Challenges are what make life interesting; overcoming them is what makes life meaningful.
Joshua J. Marine
An overcoming attitude begins first in your mind and then translates into action. Whether you win or lose it’s up to you and how you choose. Winners must employ self-discipline in what they chose to think about.
I know for myself there are some roads I won’t allow my mind to venture down because they are simply too painful. You will have to purpose in your heart to focus on something else. The good news, after you do this several times it will become a habit, and you will rarely even think of those areas.
When engulfed in a trial refuse to even consider failure. Don’t listen to the voices that say it can’t be done, or that your dreams are too big. Don’t allow the absence of encouragement or lack of support to pull you out of your race.
If anything use these negatives to catapult you forward. Sometimes, the best lessons in life with the most favourable outcomes are born out of the most suffering. If you have ever given birth you know what I mean. Men, you’ll just have to use your imagination.
3. Unfavourable Circumstances: There Is No Perfect Life.
The problem is not that there are problems. The problem is expecting otherwise and thinking that having problems is a problem.
Thomas Carlyle
As a mother I like to think that I have instilled in my children values and strengths that will enable them in their journey. One of the jokes in my family is that when Mom calls or emails there is always a second just because there is always “one more thing” for me to say.
So, a couple of years ago I said to my girls, ”oh, by the way, there’s one more thing I need to say, “ Just in case I forgot, to tell you, life isn’t easy, and the proverbial Cinderella life doesn’t exist.” They said I had already taught them that! I guess it was just another opportunity to exercise my “ One more thing rule.”
No matter what it may look like from the outside looking in there is no perfect life, because most people wear masks in order to hide.
Just a reminder to you as you read this article, don’t be alarmed when you face the storms of life. They come to all of us. What sets the winners apart from the losers in this game of life is how you view the storm.
Which brings me to the next point…
4. Rising Up:Life Is Like A Boxing Match.
Character cannot be developed in ease and quiet. Only through experiences of trial and suffering can the soul be strengthened, vision cleared, ambition inspired and success achieved.
Helen Keller
When I think of rising up it takes me back to my childhood. For the first 6 years of my life I grew up in Toronto. My grandfather was an avid fan of boxing. It didn’t hurt to have George Chuvalo, who was the reigning Canadian Heavyweight Boxing Champion for 21 years, from 1958 to 1979 live across the street from our house. I remember seeing him step out the front door of his parents’ home in order to train outdoors; which I am reminded of when I watch the Rocky movies with Sylvester Stallone. Needless to say, I grew up with the same passion for boxing as my grandfather.
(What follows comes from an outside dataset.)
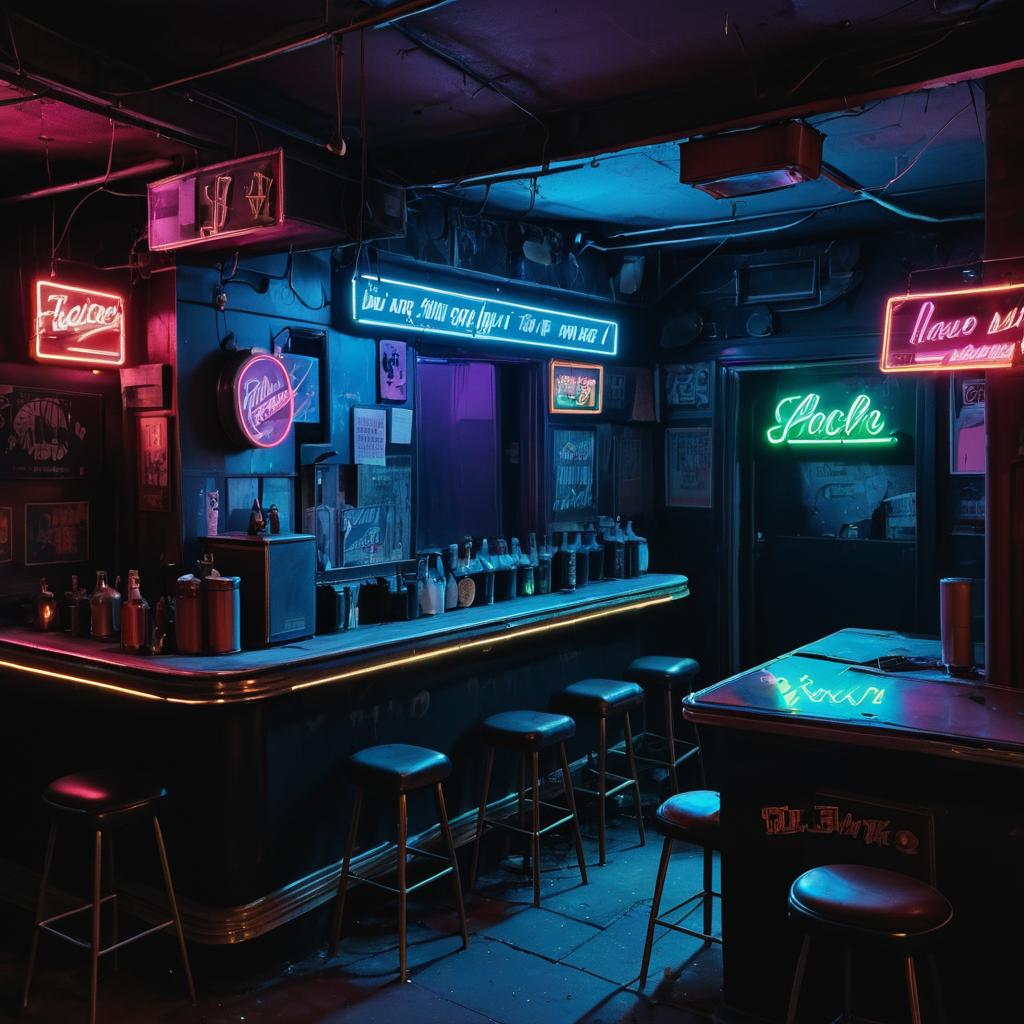 Noir Aesthetic Grimy Bar Scene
Through the years I have discovered that life itself is like a boxing match. Sometimes you are in training for the fight and sometimes you enter the ring of life. Just like boxing life sometimes throws us a few punches, some of which take longer than others to recover from, and sometimes only to find that when you do stand back up again you are taken by surprise by yet another blow. Through out your life you will find yourself in that ring numerous times
One things for sure, never be found punching someone when they are down or aid in keeping them there for your own personal benefit. Ask yourself; do you want to be remembered for helping people up from their fall or for knocking people down for your own gain?
The life lesson here is that falling doesn’t take you out of the fight, it’s the failing to rise one more time from the fall that will be the end of you. Keep rising up, you were created for a higher purpose!
5. Against all Odds:You Can Beat The Odds.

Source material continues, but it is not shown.